[[ TASK MATERIAL open ]]
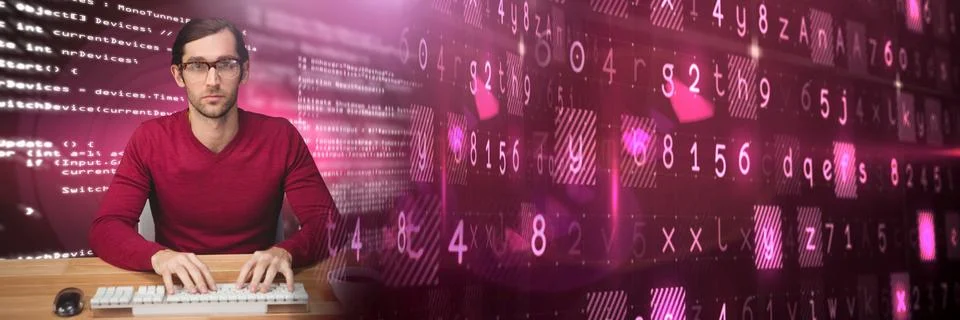 Man typing coding text with transition Stock Photos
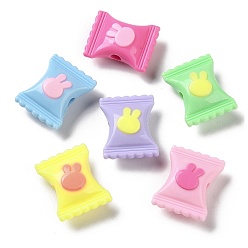 (52) Непрозрачная лаванда Двухцветные непрозрачные акриловые бусины, сахар, разноцветные, 17x21x9.5 мм, отверстие : 3.7 мм, Около 331 шт / 500 г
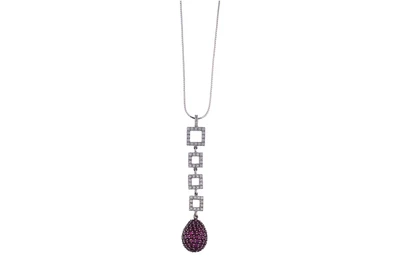 Collana con pendente con rubini, pietre e diamanti - Asta Preziosi Collana con pendente con rubini, pietre e diamanti - Asta Preziosi
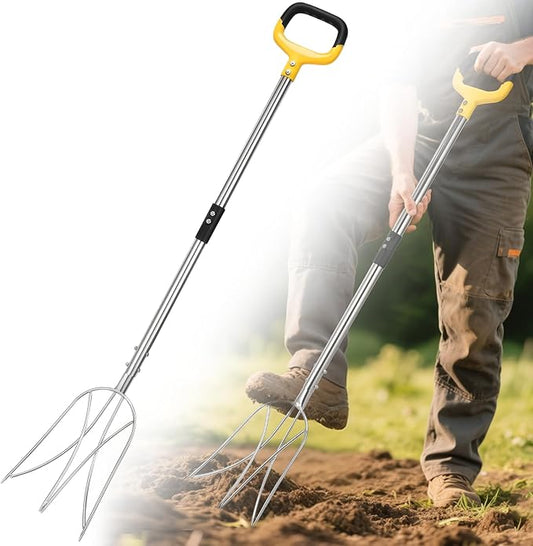 Pitchfork for Gardening, 48.5" Extendable Stainless Steel Garden Pitchfork with Handle, Suitable for Digging, Fertilizing, Transplanting, Multifunctional Garden Fork - 3 Tines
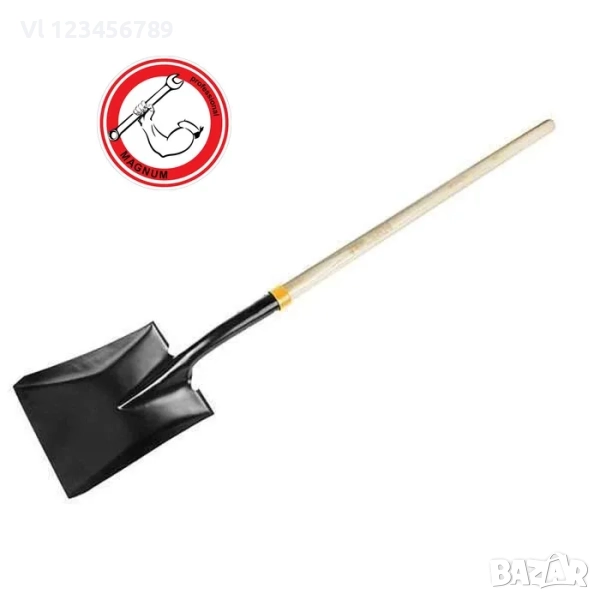 Лопата за насипни товари, крива, с дървена дръжка, снимка 1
[[ TASK MATERIAL closed ]]
TASK BRIEF:
Begin at the first line of the entries and stop after the line holding "(52) Непрозрачная лаванда"; repeat those lines exactly, but not the pictures.

ANSWER BOX:
 Man typing coding text with transition Stock Photos
 (52) Непрозрачная лаванда Двухцветные непрозрачные акриловые бусины, сахар, разноцветные, 17x21x9.5 мм, отверстие : 3.7 мм, Около 331 шт / 500 г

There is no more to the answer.